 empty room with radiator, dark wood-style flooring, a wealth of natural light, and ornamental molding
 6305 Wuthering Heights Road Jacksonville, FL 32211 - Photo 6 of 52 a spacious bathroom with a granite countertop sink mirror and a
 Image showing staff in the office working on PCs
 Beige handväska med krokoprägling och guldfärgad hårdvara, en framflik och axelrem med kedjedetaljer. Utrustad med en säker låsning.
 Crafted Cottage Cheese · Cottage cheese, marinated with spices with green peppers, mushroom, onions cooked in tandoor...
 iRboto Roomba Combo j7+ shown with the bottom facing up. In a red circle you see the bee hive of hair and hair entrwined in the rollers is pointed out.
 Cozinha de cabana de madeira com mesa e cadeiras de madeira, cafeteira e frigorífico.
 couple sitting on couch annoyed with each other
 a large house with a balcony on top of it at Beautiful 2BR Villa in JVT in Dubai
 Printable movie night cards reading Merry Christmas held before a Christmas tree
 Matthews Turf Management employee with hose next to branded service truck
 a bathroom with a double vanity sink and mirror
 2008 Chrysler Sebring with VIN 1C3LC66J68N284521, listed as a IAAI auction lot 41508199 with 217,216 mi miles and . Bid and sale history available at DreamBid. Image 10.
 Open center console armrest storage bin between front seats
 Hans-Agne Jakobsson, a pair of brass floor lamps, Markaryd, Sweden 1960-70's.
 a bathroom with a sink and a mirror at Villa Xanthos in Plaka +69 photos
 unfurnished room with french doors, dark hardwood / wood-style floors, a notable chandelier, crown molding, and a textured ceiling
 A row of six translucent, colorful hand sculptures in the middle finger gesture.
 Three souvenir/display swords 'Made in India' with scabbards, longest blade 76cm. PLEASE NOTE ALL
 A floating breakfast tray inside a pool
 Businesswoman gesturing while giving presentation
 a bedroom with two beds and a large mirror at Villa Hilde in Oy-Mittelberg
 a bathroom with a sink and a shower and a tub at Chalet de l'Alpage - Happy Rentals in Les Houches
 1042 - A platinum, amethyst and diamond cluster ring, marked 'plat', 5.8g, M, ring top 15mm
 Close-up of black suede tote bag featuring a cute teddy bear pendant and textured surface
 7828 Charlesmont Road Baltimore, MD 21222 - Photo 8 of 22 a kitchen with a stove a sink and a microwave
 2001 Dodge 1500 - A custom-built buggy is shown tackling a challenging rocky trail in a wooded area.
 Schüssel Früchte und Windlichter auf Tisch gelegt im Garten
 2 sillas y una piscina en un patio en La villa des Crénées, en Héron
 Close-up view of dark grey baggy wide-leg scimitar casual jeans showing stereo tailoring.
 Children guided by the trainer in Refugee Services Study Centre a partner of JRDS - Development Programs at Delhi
━━━
What is needed — Where the word "bathroom" appears in a line of the entries above, count that line; give only the number.

Answer box — 4